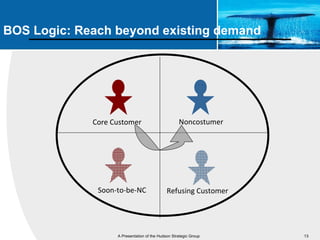 BOS Logic: Reach beyond existing demand




             Core Customer                         Noncostumer




              Soon-to-be-NC                  Refusing Customer




                   A Presentation of the Hudson Strategic Group   13
 
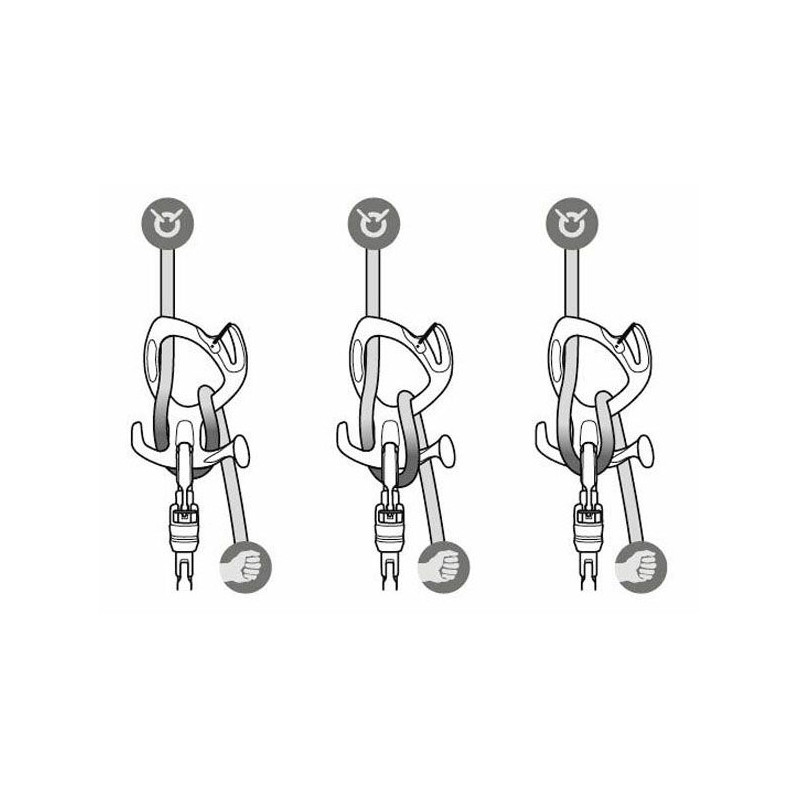 Petzl Pirana Guide Descender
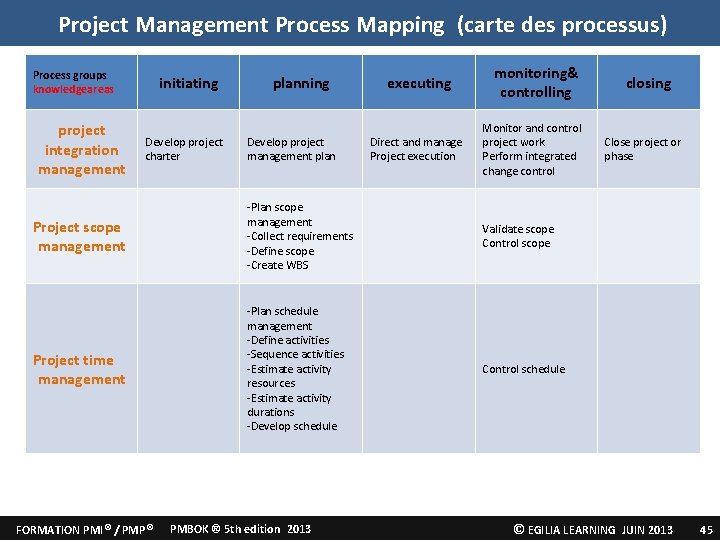 Project Management Process Mapping (carte des processus) Process groups knowledgeareas project integration management initiating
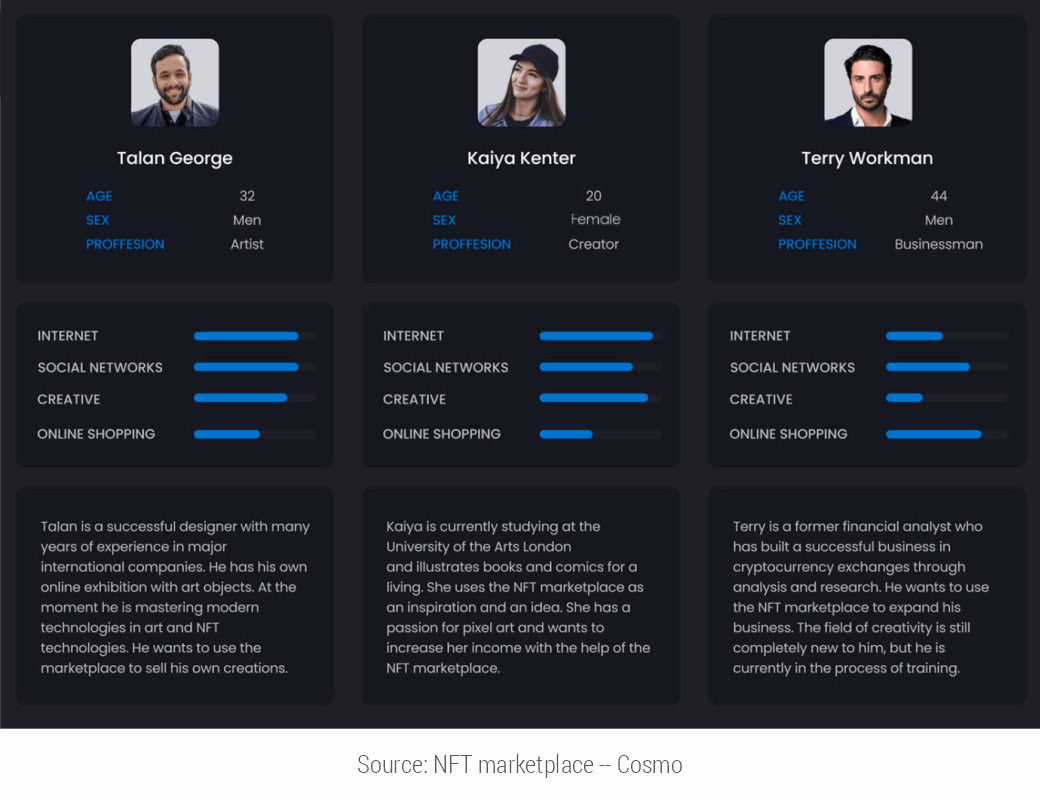 How to Build an OpenSea-like NFT Marketplace?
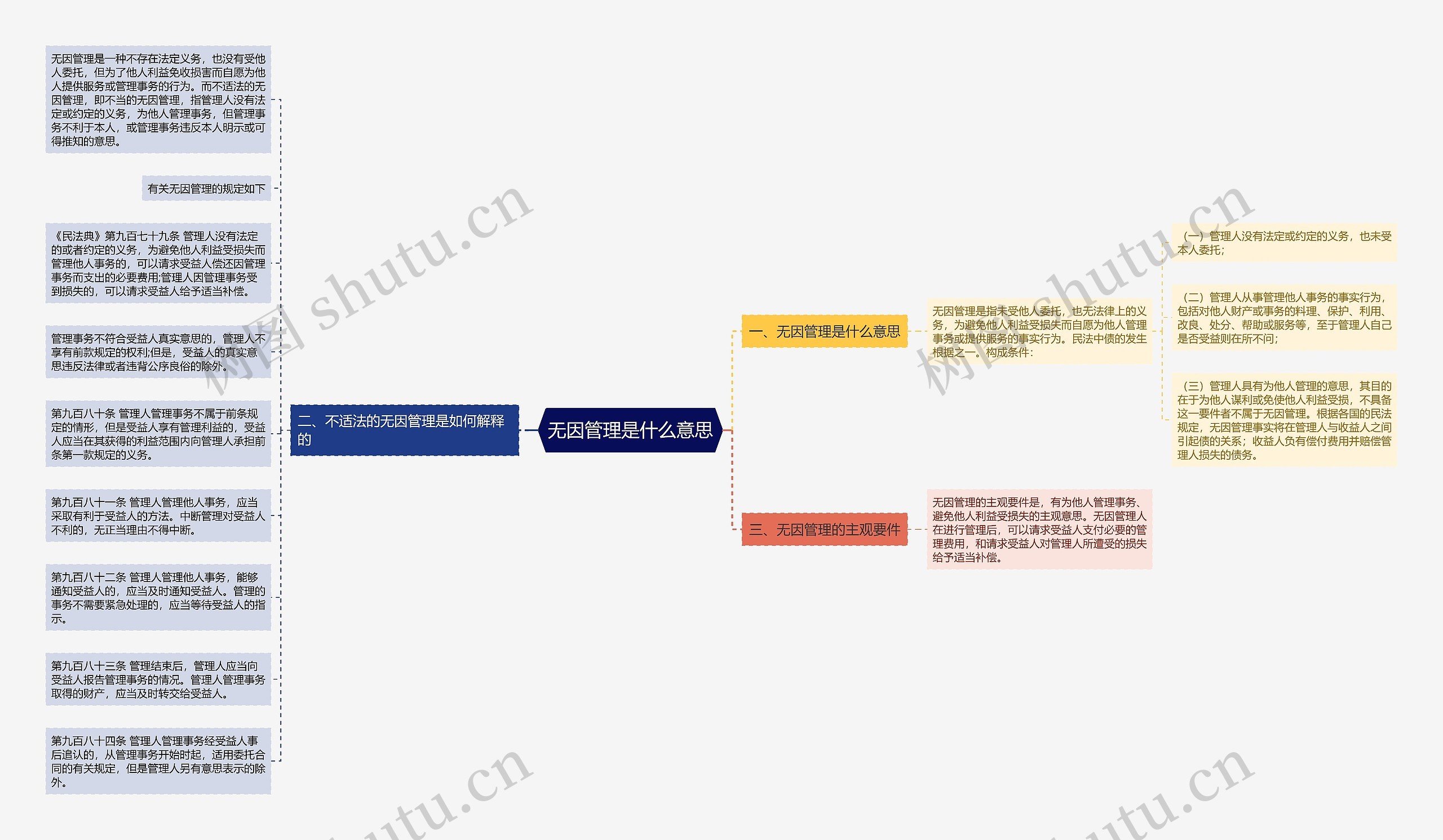 无因管理是什么意思思维导图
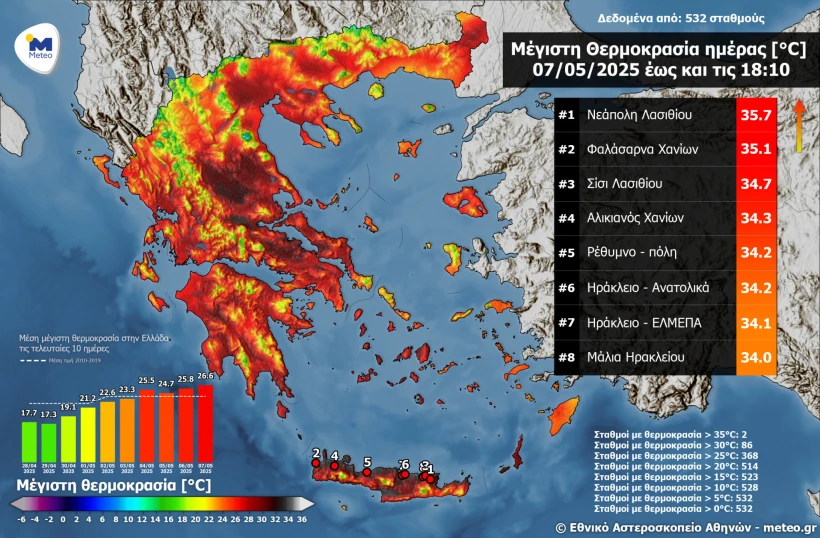Meteo.gr/Εθνικό Αστεροσκοπείο Αθηνών Meteo.gr/Εθνικό Αστεροσκοπείο Αθηνών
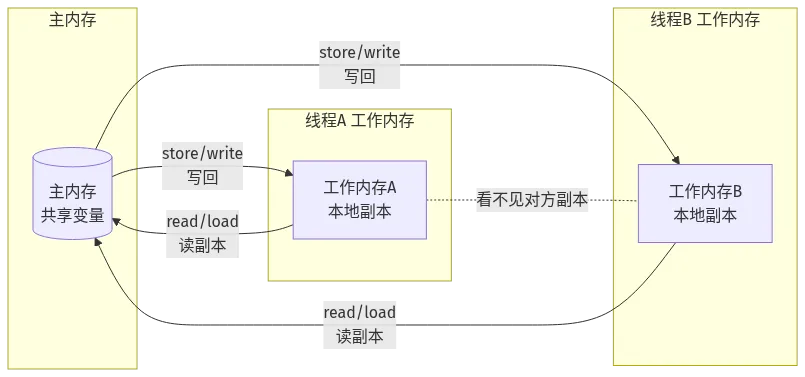 JMM 内存模型：主内存与两个线程工作内存之间通过 read/load、store/write 同步，线程间看不见对方副本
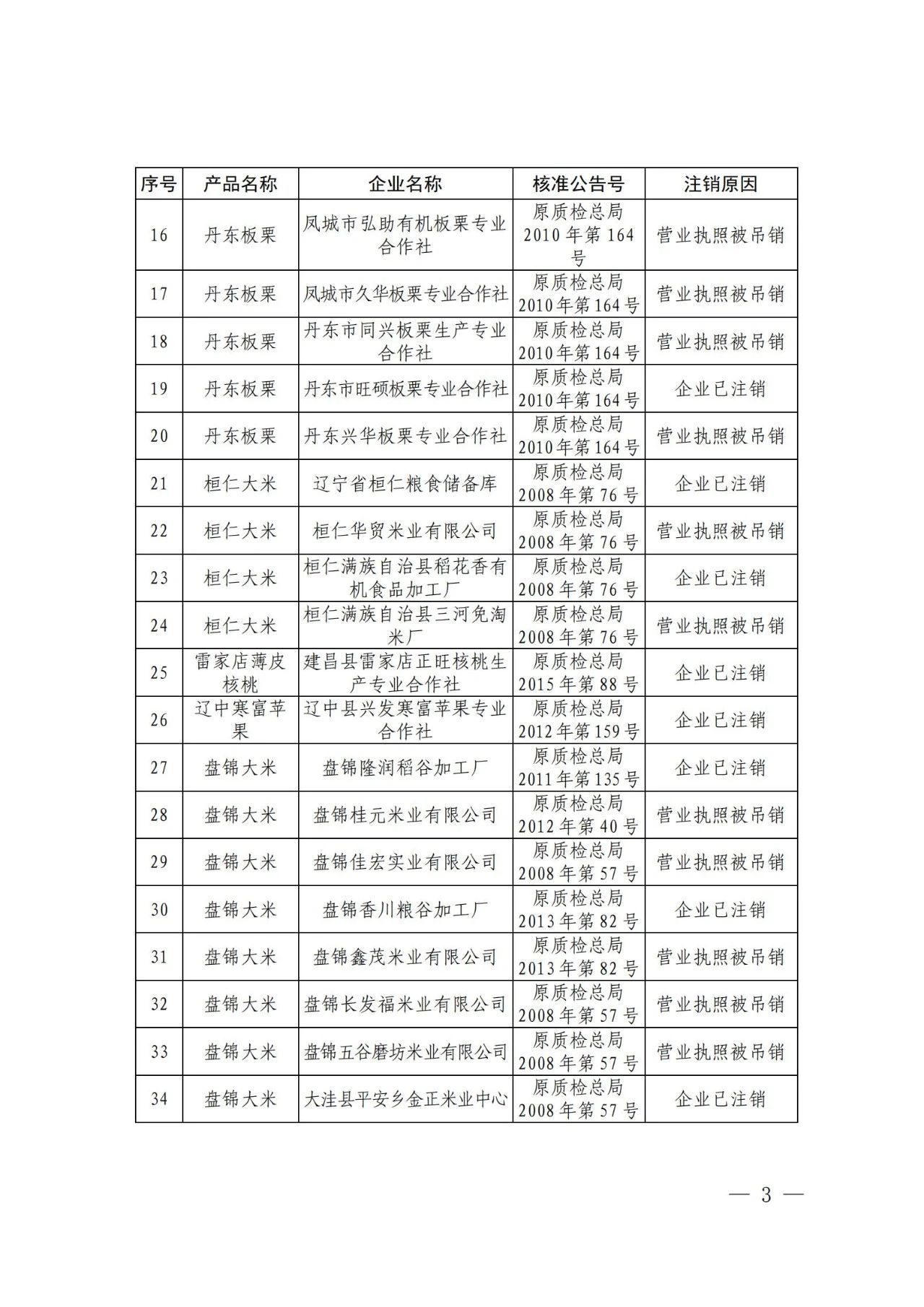 #晨報#“你好，李煥英”全部45類商標被申請注冊中；韓國知識產(chǎn)權(quán)局推出打擊網(wǎng)絡(luò)假冒的措施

+ + + + + + +

What the exercise asks =>
Your task is to copy each line of the listing that holds the word "Customer".

Task response =>
             Core Customer                         Noncostumer
              Soon-to-be-NC                  Refusing Customer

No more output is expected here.